Hourglass: When It Was Invented and Why It’s Still Relevant Today

You’re probably familiar with the time-measuring device that is an hourglass. Some of us grew up using it for board games such as Alias while others have only seen it on our computer screens while impatiently waiting for something to load. Despite how well known it is today, its invention still remains a mystery. Some sources claim it was first created in the 8th century, while Guinness World Records using records of purchases made by sailors claim it was the 14th century.

How sailors traded water for sand

The first visual proof of an hourglass’ existence dates back to 1338, in a fresco painted by Ambrogio Lorenzetti. A later mention comes from 1345 from a receipt issued by an English merchant buying four hourglasses. It is widely believed that they were invented for the use of sailors to calculate the time and distance traveled. Naval sandglass was of vital importance when tracking the time and speed of a ship. The most commonly used hourglass took half an hour to empty. The time-lapsed was called a “glass”. Eight “glasses” equaled four hours were then called a “watch”. 

a hand with a ship wheel

This invention was a huge improvement for sailors who were used to relying on a water clock that was severely affected by the movements caused by the ocean showing sailors using multiple hourglasses to keep track of their voyages. The most famous of them would be Ferdinand Magellan, who used a combination of 18 hourglasses on his famous trip around the world in 1519.

The method of measuring speed was to throw a log of wood overboard and see how long it took for the ship to overtake it. They then used the aforementioned sandglass to measure the time and recorded it in their books to keep track of it. It could be argued that marine sandglasses were just as important to sailors as the compasses guiding their way.

Hourglass today: from Harry Potter to the Australian Senate

The hourglass is not only a significant part of our history but also our culture. It was used multiple times throughout the Harry Potter series, namely when Hermione used one to travel through time or the four hourglasses that tracked points for the Hogwarts school houses (but those were filled with gems). 

It is such a significant part of our history and culture that the Australian Senate still uses it for timekeeping purposes. There it is used to indicate how much time remains for a senator to reach the chamber. Although they now use it in conjunction with a digital timer that can be broadcast to show the time on the screen, sandglass continues to be the primary means of timekeeping. Hourglasses are also prized by individuals that admire its aesthetic properties using it as a decor element as well as a tool to boost their productivity. It can be a great addition to the Pomodoro technique that helps avoid distractions and the sight of the sandglass can work as a reminder to get back to the task at hand.

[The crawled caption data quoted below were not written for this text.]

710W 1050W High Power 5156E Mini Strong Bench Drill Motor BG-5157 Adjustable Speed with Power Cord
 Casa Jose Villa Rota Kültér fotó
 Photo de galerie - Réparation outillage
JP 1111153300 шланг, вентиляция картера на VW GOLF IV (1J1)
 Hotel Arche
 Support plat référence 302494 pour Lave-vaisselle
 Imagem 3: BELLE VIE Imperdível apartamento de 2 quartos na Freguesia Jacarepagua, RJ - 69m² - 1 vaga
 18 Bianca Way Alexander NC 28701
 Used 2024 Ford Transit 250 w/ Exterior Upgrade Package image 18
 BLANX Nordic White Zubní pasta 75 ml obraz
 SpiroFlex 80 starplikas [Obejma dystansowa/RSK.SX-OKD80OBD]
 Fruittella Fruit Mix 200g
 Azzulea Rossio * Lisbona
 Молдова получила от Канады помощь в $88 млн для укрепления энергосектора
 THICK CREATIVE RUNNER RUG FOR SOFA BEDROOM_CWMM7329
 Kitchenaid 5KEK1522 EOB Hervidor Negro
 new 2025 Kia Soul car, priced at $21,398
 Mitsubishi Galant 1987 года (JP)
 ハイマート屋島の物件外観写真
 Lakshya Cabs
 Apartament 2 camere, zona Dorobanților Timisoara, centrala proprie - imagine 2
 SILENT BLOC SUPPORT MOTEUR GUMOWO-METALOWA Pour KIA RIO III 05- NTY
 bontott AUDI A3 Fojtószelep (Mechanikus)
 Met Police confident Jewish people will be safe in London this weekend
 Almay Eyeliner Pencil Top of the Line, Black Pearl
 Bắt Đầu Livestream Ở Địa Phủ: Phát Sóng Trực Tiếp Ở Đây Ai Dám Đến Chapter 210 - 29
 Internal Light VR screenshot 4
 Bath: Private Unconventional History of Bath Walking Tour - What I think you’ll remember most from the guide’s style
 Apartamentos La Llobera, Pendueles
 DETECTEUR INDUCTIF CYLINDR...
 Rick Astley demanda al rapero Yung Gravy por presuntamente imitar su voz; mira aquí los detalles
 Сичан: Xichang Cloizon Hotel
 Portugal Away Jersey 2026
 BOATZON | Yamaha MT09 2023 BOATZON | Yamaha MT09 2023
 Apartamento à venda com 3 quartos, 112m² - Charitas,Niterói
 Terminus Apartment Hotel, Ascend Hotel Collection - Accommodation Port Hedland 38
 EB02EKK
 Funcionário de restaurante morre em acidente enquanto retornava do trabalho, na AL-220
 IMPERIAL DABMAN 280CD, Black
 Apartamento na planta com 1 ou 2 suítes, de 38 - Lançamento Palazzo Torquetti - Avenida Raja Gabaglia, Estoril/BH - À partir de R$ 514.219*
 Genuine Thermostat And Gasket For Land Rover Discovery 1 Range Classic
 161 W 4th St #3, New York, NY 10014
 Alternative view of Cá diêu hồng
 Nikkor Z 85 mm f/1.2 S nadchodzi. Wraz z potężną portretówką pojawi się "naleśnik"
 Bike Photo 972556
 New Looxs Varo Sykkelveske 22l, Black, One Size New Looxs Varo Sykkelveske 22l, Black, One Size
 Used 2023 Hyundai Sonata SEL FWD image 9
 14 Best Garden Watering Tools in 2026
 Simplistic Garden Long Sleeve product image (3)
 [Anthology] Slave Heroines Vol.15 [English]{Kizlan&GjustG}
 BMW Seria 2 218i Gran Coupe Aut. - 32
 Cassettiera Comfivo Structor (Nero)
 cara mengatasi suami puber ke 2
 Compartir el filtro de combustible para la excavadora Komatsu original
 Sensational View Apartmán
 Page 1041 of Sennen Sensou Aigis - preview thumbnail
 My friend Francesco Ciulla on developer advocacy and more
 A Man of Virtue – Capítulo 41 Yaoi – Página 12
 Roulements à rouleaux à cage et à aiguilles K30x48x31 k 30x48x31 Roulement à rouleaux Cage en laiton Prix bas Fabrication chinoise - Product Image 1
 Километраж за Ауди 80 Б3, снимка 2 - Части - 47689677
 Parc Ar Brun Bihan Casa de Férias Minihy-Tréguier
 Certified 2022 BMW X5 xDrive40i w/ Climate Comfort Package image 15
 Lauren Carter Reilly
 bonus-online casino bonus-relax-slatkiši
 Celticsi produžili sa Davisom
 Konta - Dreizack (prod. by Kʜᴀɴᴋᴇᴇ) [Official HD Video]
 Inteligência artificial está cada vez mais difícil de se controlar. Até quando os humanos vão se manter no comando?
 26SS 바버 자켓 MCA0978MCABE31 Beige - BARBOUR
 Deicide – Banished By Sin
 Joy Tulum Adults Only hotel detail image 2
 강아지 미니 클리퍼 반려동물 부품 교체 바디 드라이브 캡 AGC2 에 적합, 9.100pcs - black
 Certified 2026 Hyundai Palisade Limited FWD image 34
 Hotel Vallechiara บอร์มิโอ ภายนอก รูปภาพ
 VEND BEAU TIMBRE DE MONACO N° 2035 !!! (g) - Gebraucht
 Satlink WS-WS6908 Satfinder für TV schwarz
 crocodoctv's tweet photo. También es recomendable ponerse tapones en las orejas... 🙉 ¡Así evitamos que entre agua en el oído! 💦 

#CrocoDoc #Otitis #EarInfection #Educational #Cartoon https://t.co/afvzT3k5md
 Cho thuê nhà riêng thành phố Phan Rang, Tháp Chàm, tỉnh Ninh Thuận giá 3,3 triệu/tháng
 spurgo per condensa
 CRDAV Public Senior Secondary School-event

From centuries of the past into a bright future

Although the hourglass was invented centuries ago and reached its peak popularity in the Middle Ages, it is still used today both as a symbol and as a timekeeping device. It started as an aid to measure time and the distance traveled by sailors and it has turned into an object families use while playing board games and individuals utilize to boost their productivity. The Australian Senate even uses one as a time-keeping gadget. It seems that although today we may have different alternatives to an hourglass, it isn’t going away anytime soon.